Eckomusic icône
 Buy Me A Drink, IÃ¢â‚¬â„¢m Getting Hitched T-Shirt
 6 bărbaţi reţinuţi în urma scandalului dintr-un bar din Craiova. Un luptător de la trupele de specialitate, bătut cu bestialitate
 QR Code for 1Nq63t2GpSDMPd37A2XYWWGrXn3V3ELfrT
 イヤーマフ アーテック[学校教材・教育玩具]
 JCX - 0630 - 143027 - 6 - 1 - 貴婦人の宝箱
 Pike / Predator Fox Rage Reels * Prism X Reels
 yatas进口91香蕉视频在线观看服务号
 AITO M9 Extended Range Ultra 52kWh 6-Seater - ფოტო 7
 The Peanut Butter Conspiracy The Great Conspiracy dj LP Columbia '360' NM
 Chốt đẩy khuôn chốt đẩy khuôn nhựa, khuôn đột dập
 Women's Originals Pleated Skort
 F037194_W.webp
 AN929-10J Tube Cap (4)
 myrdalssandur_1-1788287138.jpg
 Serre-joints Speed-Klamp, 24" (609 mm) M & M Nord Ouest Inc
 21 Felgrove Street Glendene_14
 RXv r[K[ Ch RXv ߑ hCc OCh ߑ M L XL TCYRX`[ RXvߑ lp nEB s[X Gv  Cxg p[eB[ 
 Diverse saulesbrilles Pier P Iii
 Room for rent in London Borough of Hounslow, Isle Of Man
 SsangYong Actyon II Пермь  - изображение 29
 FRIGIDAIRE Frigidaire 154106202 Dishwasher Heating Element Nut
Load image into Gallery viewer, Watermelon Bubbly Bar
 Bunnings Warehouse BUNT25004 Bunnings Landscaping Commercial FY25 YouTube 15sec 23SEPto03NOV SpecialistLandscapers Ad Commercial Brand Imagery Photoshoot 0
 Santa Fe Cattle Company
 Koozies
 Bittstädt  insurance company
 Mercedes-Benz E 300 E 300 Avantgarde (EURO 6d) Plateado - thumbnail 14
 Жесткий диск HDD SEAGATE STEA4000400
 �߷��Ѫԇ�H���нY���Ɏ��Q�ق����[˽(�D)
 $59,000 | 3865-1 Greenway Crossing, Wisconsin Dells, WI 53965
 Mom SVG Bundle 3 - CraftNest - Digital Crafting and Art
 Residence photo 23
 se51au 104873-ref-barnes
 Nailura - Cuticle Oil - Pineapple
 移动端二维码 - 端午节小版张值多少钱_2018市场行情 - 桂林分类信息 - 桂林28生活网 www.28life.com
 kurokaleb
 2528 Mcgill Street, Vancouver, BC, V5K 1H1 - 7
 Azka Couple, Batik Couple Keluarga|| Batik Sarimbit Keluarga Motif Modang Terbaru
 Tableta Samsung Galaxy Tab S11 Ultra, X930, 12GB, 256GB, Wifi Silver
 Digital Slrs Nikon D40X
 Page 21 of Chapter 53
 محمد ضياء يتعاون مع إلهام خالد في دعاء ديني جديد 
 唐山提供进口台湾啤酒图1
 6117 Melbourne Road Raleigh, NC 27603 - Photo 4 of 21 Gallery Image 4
+-------+
§ **WHAT NEEDS TO BE DONE**
Take the entries above and set them all down again exactly as they read.

§ **OUTPUT**
Eckomusic icône
 Buy Me A Drink, IÃ¢â‚¬â„¢m Getting Hitched T-Shirt
 6 bărbaţi reţinuţi în urma scandalului dintr-un bar din Craiova. Un luptător de la trupele de specialitate, bătut cu bestialitate
 QR Code for 1Nq63t2GpSDMPd37A2XYWWGrXn3V3ELfrT
 イヤーマフ アーテック[学校教材・教育玩具]
 JCX - 0630 - 143027 - 6 - 1 - 貴婦人の宝箱
 Pike / Predator Fox Rage Reels * Prism X Reels
 yatas进口91香蕉视频在线观看服务号
 AITO M9 Extended Range Ultra 52kWh 6-Seater - ფოტო 7
 The Peanut Butter Conspiracy The Great Conspiracy dj LP Columbia '360' NM
 Chốt đẩy khuôn chốt đẩy khuôn nhựa, khuôn đột dập
 Women's Originals Pleated Skort
 F037194_W.webp
 AN929-10J Tube Cap (4)
 myrdalssandur_1-1788287138.jpg
 Serre-joints Speed-Klamp, 24" (609 mm) M & M Nord Ouest Inc
 21 Felgrove Street Glendene_14
 RXv r[K[ Ch RXv ߑ hCc OCh ߑ M L XL TCYRX`[ RXvߑ lp nEB s[X Gv  Cxg p[eB[ 
 Diverse saulesbrilles Pier P Iii
 Room for rent in London Borough of Hounslow, Isle Of Man
 SsangYong Actyon II Пермь  - изображение 29
 FRIGIDAIRE Frigidaire 154106202 Dishwasher Heating Element Nut
Load image into Gallery viewer, Watermelon Bubbly Bar
 Bunnings Warehouse BUNT25004 Bunnings Landscaping Commercial FY25 YouTube 15sec 23SEPto03NOV SpecialistLandscapers Ad Commercial Brand Imagery Photoshoot 0
 Santa Fe Cattle Company
 Koozies
 Bittstädt  insurance company
 Mercedes-Benz E 300 E 300 Avantgarde (EURO 6d) Plateado - thumbnail 14
 Жесткий диск HDD SEAGATE STEA4000400
 �߷��Ѫԇ�H���нY���Ɏ��Q�ق����[˽(�D)
 $59,000 | 3865-1 Greenway Crossing, Wisconsin Dells, WI 53965
 Mom SVG Bundle 3 - CraftNest - Digital Crafting and Art
 Residence photo 23
 se51au 104873-ref-barnes
 Nailura - Cuticle Oil - Pineapple
 移动端二维码 - 端午节小版张值多少钱_2018市场行情 - 桂林分类信息 - 桂林28生活网 www.28life.com
 kurokaleb
 2528 Mcgill Street, Vancouver, BC, V5K 1H1 - 7
 Azka Couple, Batik Couple Keluarga|| Batik Sarimbit Keluarga Motif Modang Terbaru
 Tableta Samsung Galaxy Tab S11 Ultra, X930, 12GB, 256GB, Wifi Silver
 Digital Slrs Nikon D40X
 Page 21 of Chapter 53
 محمد ضياء يتعاون مع إلهام خالد في دعاء ديني جديد 
 唐山提供进口台湾啤酒图1
 6117 Melbourne Road Raleigh, NC 27603 - Photo 4 of 21 Gallery Image 4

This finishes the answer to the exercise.